University Children's Hospital (UKBB), University of Basel, Basel, Switzerland.
Endothelial Cell Biology Unit and Department of Applied Mathematics, School of Molecular & Cellular Biology, School of Mathematics, University of Leeds, Leeds, UK.
Thorax. 2018 Feb;73(2):107-115. doi: 10.1136/thoraxjnl-2016-209919. Epub 2017 Sep 2.
Asthma is characterised by inflammation and reversible airway obstruction. However, these features are not always closely related. Fluctuations of daily lung function contain information on asthma phenotypes, exacerbation risk and response to long-acting β-agonists.
In search of subgroups of asthmatic participants with specific lung functional features, we developed and validated a novel clustering approach to asthma phenotyping, which exploits the information contained within the fluctuating behaviour of twice-daily lung function measurements.

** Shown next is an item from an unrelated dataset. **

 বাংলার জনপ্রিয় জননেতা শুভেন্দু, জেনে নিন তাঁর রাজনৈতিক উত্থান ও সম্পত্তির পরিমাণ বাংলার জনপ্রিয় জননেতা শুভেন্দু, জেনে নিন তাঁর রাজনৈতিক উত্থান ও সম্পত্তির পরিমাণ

Forced expiratory volume during the first second (FEV) and peak expiratory flow (PEF) were prospectively measured over 4 weeks in 696 healthy and asthmatic school children (Protection Against Allergy - Study in Rural Environments (PASTURE)/EFRAIM cohort), and over 1 year in 138 asthmatic adults with mild-to-moderate or severe asthma (Pan-European Longitudinal Assessment of Clinical Course and BIOmarkers in Severe Chronic AIRway Disease (BIOAIR) cohort). Using enrichment analysis, we explored whether the method identifies clinically meaningful, distinct clusters of participants with different lung functional fluctuation patterns.

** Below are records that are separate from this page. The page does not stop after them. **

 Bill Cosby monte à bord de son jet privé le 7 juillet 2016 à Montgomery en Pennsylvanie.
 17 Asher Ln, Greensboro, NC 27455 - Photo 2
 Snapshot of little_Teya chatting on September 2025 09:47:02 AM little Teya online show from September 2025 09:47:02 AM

In the PASTURE/EFRAIM dataset, we found four distinct clusters. Two clusters were enriched in children with well-known clinical characteristics of asthma. In cluster 3, children from a farming environment predominated, whereas cluster 4 mainly consisted of healthy controls. About 79% of cluster 3 carried the asthma-risk allele rs7216389 of the locus. In the BIOAIR dataset, we found two distinct clusters clearly discriminating between individuals with mild-to-moderate and severe asthma.
Our method identified dynamic functional asthma and healthy phenotypes, partly independent of atopy and inflammation but related to genetic markers on the locus. The method can be used for disease phenotyping and possibly endotyping. It may identify participants with specific functional abnormalities, potentially needing a different therapeutic approach.
哮喘的特征是炎症和可逆转的气道阻塞。然而,这些特征并不总是密切相关的。日常肺功能的波动包含了哮喘表型、加重风险和长效β激动剂反应的信息。
为了寻找具有特定肺功能特征的哮喘参与者亚组,我们开发并验证了一种新的哮喘表型聚类方法,该方法利用了两次/日肺功能测量波动行为中包含的信息。
在保护过敏-农村环境研究(PASTURE)/EFRAIM 队列中,696 名健康和哮喘学龄儿童前瞻性地测量了 4 周内的第 1 秒用力呼气容积(FEV)和呼气峰流速(PEF),在泛欧慢性气道疾病严重程度纵向评估和生物标志物研究(BIOAIR)队列中,138 名轻-中度或重度哮喘的成年哮喘患者测量了 1 年的上述指标。通过富集分析,我们探讨了该方法是否能识别具有不同肺功能波动模式的临床有意义的、不同的参与者聚类。
在 PASTURE/EFRAIM 数据集,我们发现了四个不同的聚类。两个聚类在具有哮喘典型临床特征的儿童中更为丰富。在聚类 3 中,来自农业环境的儿童居多,而聚类 4 主要由健康对照组组成。约 79%的聚类 3 携带哮喘风险等位基因 rs7216389。在 BIOAIR 数据集,我们发现两个明显不同的聚类,可清晰地区分轻-中度和重度哮喘患者。
我们的方法识别了动态功能性哮喘和健康表型,部分独立于特应性和炎症,但与 11 号染色体上的遗传标记有关。该方法可用于疾病表型分析,可能也用于确定表型。它可能会识别出具有特定功能异常的参与者,可能需要不同的治疗方法。